Я указал на освещенную елку, на ветвях которой висели всякие яркие штучки, вызывающие во мне нежность.
— Представь, что однажды, в такой же вечер, под такой же елкой появятся маленькие башмачки… маленькие башмачки, в которые мы положим наши подарки… А? Что ты скажешь? Тебе не кажется это чудом?
Она удивленно посмотрела на меня, и я вдруг заметил, насколько она состарилась за эти месяцы. Да, именно состарилась, хотя это слово и кажется жестоким. Сеть мелких морщин под глазами, усталый взгляд. Она постарела, и действительно нам пора подумать о ребенке…
— И матерью этого ребенка станет убийца! — спокойно возразила она, как бы отвечая на мои мысли. Мне стало горько от ее слов.
Я физически ощутил эту горечь и на мгновение закрыл глаза.

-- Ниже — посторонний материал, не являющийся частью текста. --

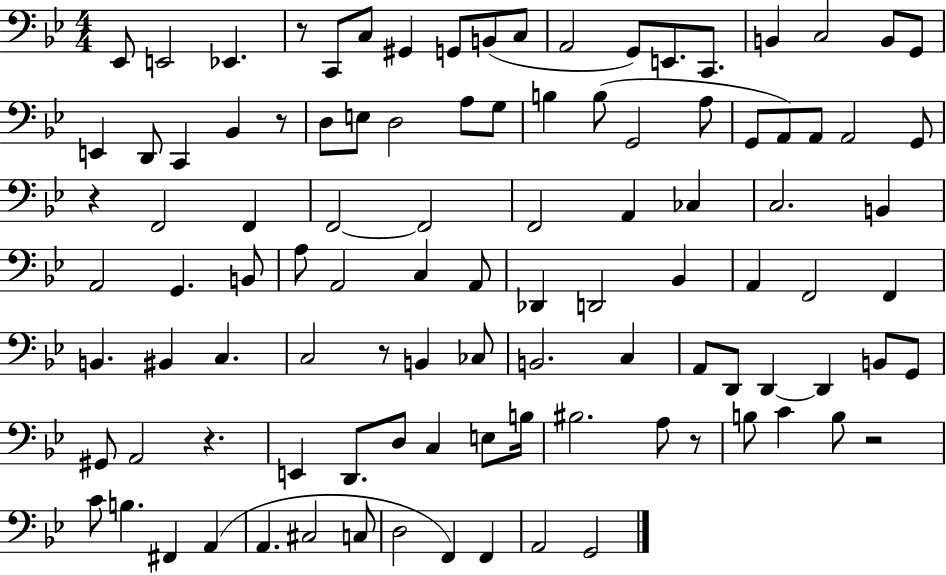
X:1
T:Untitled
M:4/4
L:1/4
K:Bb
_E,,/2 E,,2 _E,, z/2 C,,/2 C,/2 ^G,, G,,/2 B,,/2 C,/2 A,,2 G,,/2 E,,/2 C,,/2 B,, C,2 B,,/2 G,,/2 E,, D,,/2 C,, _B,, z/2 D,/2 E,/2 D,2 A,/2 G,/2 B, B,/2 G,,2 A,/2 G,,/2 A,,/2 A,,/2 A,,2 G,,/2 z F,,2 F,, F,,2 F,,2 F,,2 A,, _C, C,2 B,, A,,2 G,, B,,/2 A,/2 A,,2 C, A,,/2 _D,, D,,2 _B,, A,, F,,2 F,, B,, ^B,, C, C,2 z/2 B,, _C,/2 B,,2 C, A,,/2 D,,/2 D,, D,, B,,/2 G,,/2 ^G,,/2 A,,2 z E,, D,,/2 D,/2 C, E,/2 B,/4 ^B,2 A,/2 z/2 B,/2 C B,/2 z2 C/2 B, ^F,, A,, A,, ^C,2 C,/2 D,2 F,, F,, A,,2 G,,2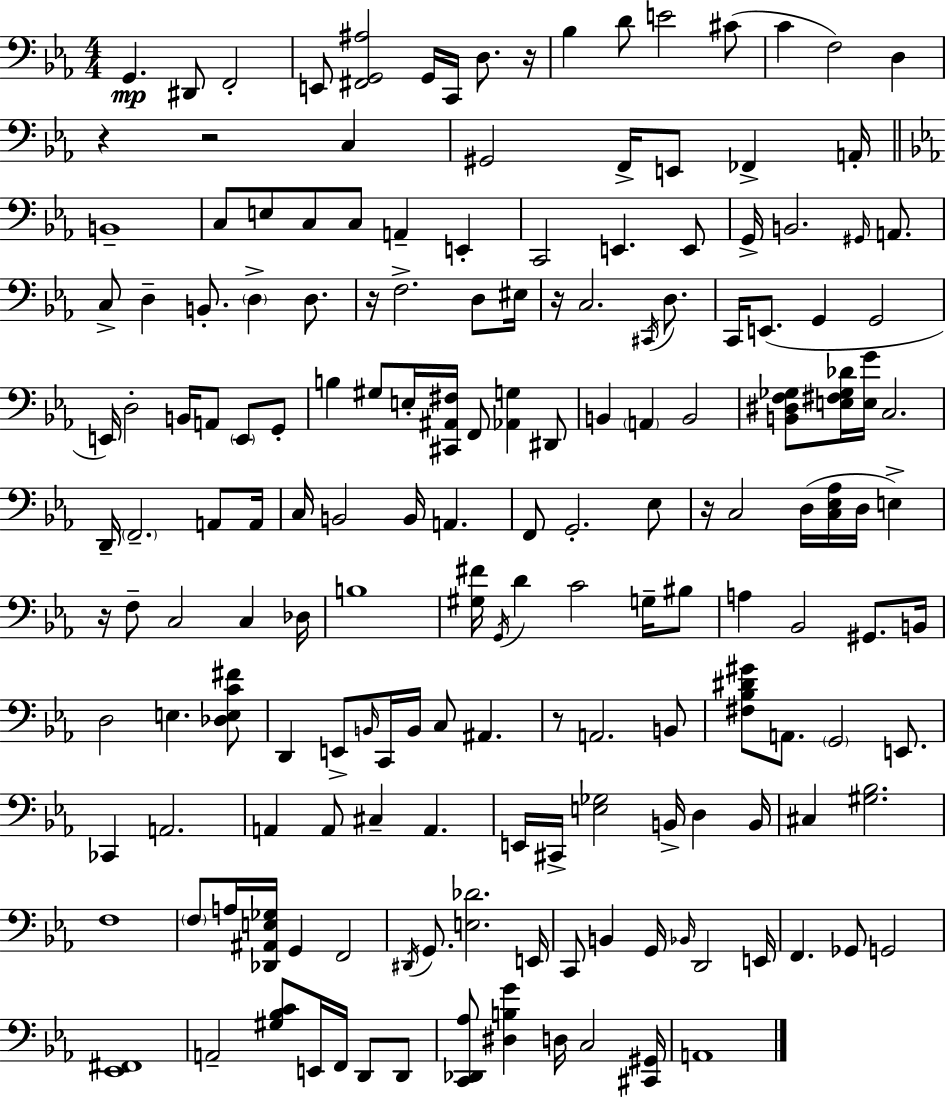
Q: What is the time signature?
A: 4/4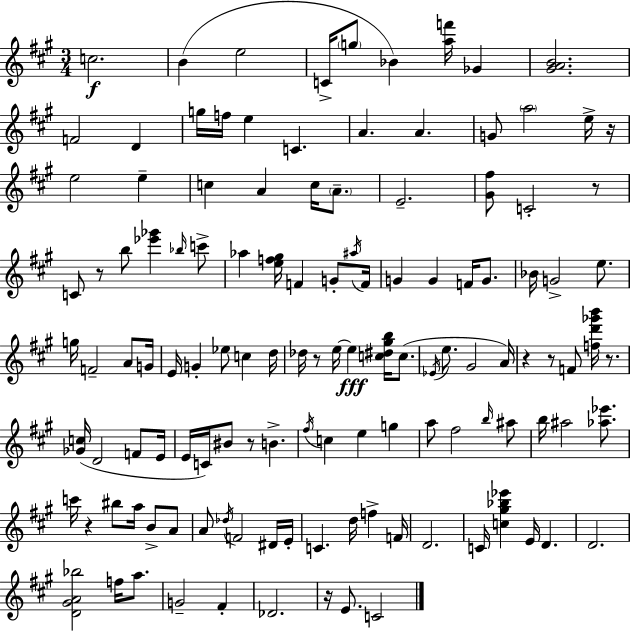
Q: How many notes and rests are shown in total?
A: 124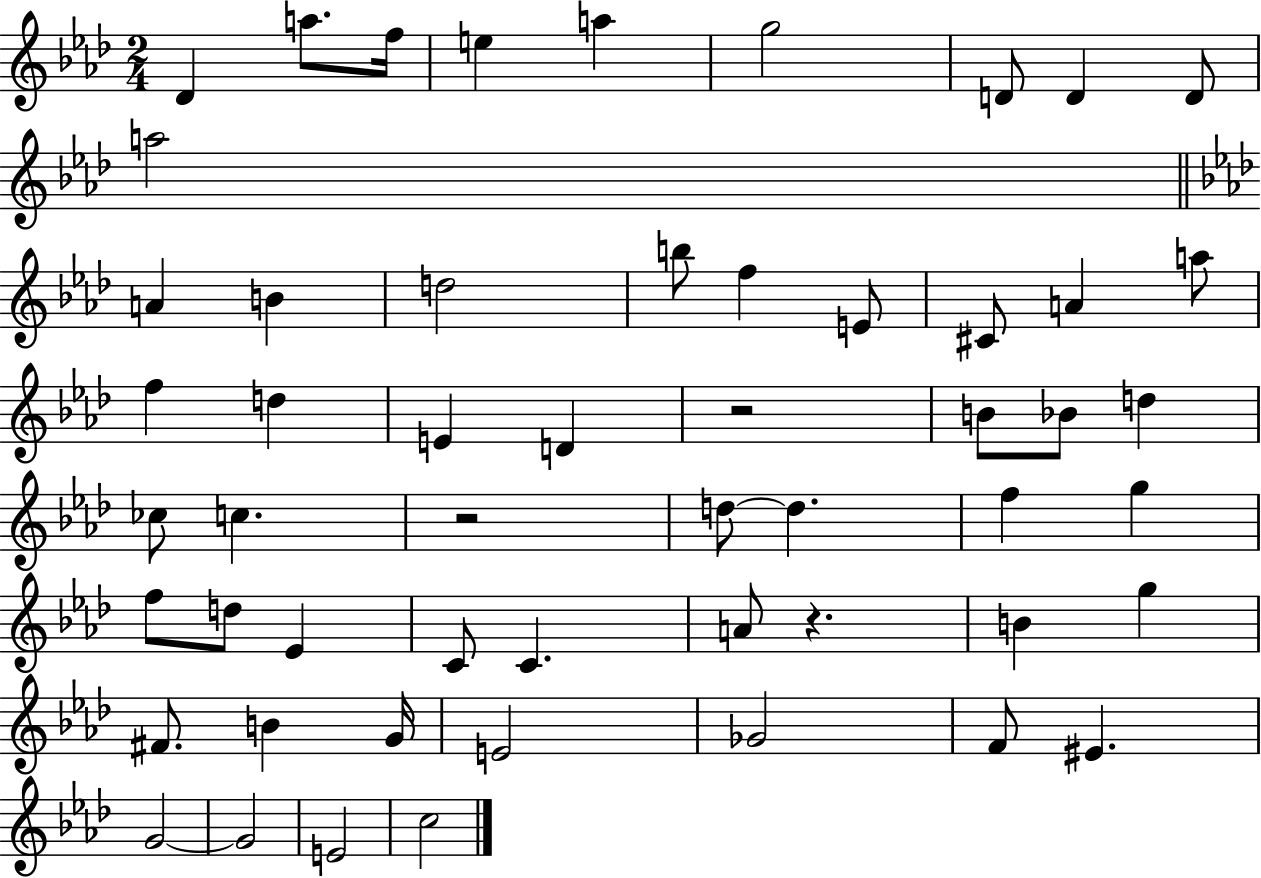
{
  \clef treble
  \numericTimeSignature
  \time 2/4
  \key aes \major
  des'4 a''8. f''16 | e''4 a''4 | g''2 | d'8 d'4 d'8 | \break a''2 | \bar "||" \break \key aes \major a'4 b'4 | d''2 | b''8 f''4 e'8 | cis'8 a'4 a''8 | \break f''4 d''4 | e'4 d'4 | r2 | b'8 bes'8 d''4 | \break ces''8 c''4. | r2 | d''8~~ d''4. | f''4 g''4 | \break f''8 d''8 ees'4 | c'8 c'4. | a'8 r4. | b'4 g''4 | \break fis'8. b'4 g'16 | e'2 | ges'2 | f'8 eis'4. | \break g'2~~ | g'2 | e'2 | c''2 | \break \bar "|."
}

— А что такое убийца, Глория?
— Это когда одно живое существо убивает себе подобного, — ответила она.
— А что такое — убить?
— Это отринуть самое себя, — вздохнула она, ни на миг не задумываясь.
Я понял, что она думала обо всем этом очень часто и давно нашла подходящие слова.
— Не принимай мой вопрос в философском плане, Глория… Я тебе отвечу. Убить — вовсе ничего не значит, ты слышишь? Или это всего лишь неосторожный жест, как было в случае с тобой. Какая разница между тем движением, которым ты нажала на курок револьвера, и тем жестом, которым я плеснул тебе в лицо шампанским, а? Ответь… Разница лишь в обстоятельствах, но не в намерениях, верно? Ты меня понимаешь, Глория?
— Твою точку зрения? Да.
— Хорошо. Если бы тебя арестовали, судили, приговорили, вот тогда ты считалась бы убийцей. Но ярлык этот тебе навесили бы другие люди, и в той мере, в какой мы зависим от них, и расценивалась бы пагубность твоего деяния. Ты улавливаешь мою мысль?
— Да.
— Так вот, я и говорю… Ты не сделала в глазах окружающих ничего такого, что лишало бы тебя права иметь ребенка и жить полнокровной жизнью. Ничего!
Кивком она указала на елку.
— И все-таки в одном доме в Анже живет одинокая пожилая женщина, которая не перестает задаваться вопросом, что же случилось с ее сыном!
Аргумент этот застал меня врасплох. Понадобилось время, чтобы попытаться опровергнуть его. И я сделал это самым простым образом.
— И что из этого? — спросил я.
Она открыла рот, не находя слов для ответа.
— Видишь ли, Глория, мы должны рассматривать последствия наших поступков только в преломлении их к нам самим, но не к нашему окружению.